In Australia the trend towards suppression of the free flow of information particularly in recent years suggests that this delicate balance has been overthrown.
The Parliamentary Joint Committee on Intelligence and Security (PJCIS) noted that the prevailing argument from non government stakeholders is that the balance and legislation and culture within the Australian government has stepped away from transparency and engagement to excessive and unnecessary secrecy[18].
The Bond Law Review article notes that there are powers in the NSI Act to make such orders as the Court considers appropriate in relation to the disclosure of national security information if the Court is satisfied that it is in the interests of national security. The Court must determine whether any non-disclosure order would have a ‘substantial adverse effect’ on the defendant’s right to receive a fair hearing.
The accused and his lawyers must be given an opportunity to make submissions in relation to disclosure of information or the calling of witnesses.
The Bond Law Review article notes that while it is implicit in their right to make submissions that the accused must know the substance of the argument in relation to non-disclosure various provisions of the NSI Act mean that an accused person must make a submission about non-disclosure without knowing what the non-disclosure information is or what impact it might have upon the case.

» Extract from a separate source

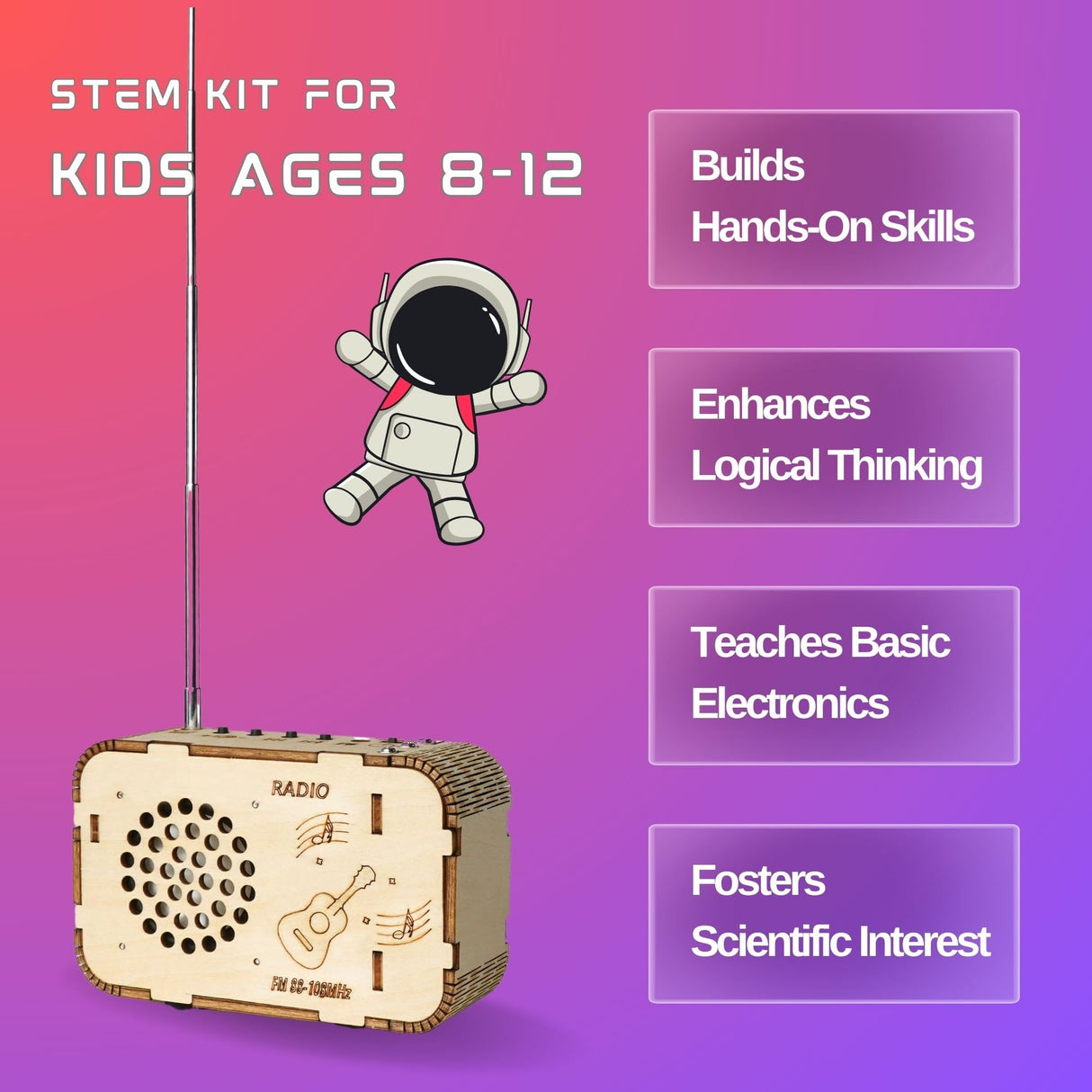 STEM Wooden Radio Kit for Kids Age 8-12 – DIY Science Experiment, Wood Building Project, Perfect Educational Gift for Boys & Girls 8 9 10 11 12 Years Old ZOVRION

In making a determination the Court is required to give the greatest weight to the consideration of whether permitting disclosure or calling the witnesses would compromise national security[19].
In 2020 the former head of ASIO, Dennis Richardson, in carrying out a review of the legal framework of national intelligence noted a tendency to over classification of material and Richardson noted that some agencies lacked appreciation of the careful balance required between the right to a fair trial, the principle of open justice and the protection of national security information[20].
It is important to note that Justice Whealy who presided over a number of cases involving application of the NSI Act has observed that the Act has the capacity to create a situation where the defendant’s right to a fair trial may be significantly impaired[21].
While the Act specifically provides that a non-disclosure order does not prevent the Court from staying a matter if non-disclosure would have a substantial adverse effect on their right to receive a fair hearing it is to be noted that despite this important protection it is inherently problematic for such a determination to be made in the absence of the accused. Only the accused can know the defences that they will raise to the charges against them and the basis upon which they will raised[22].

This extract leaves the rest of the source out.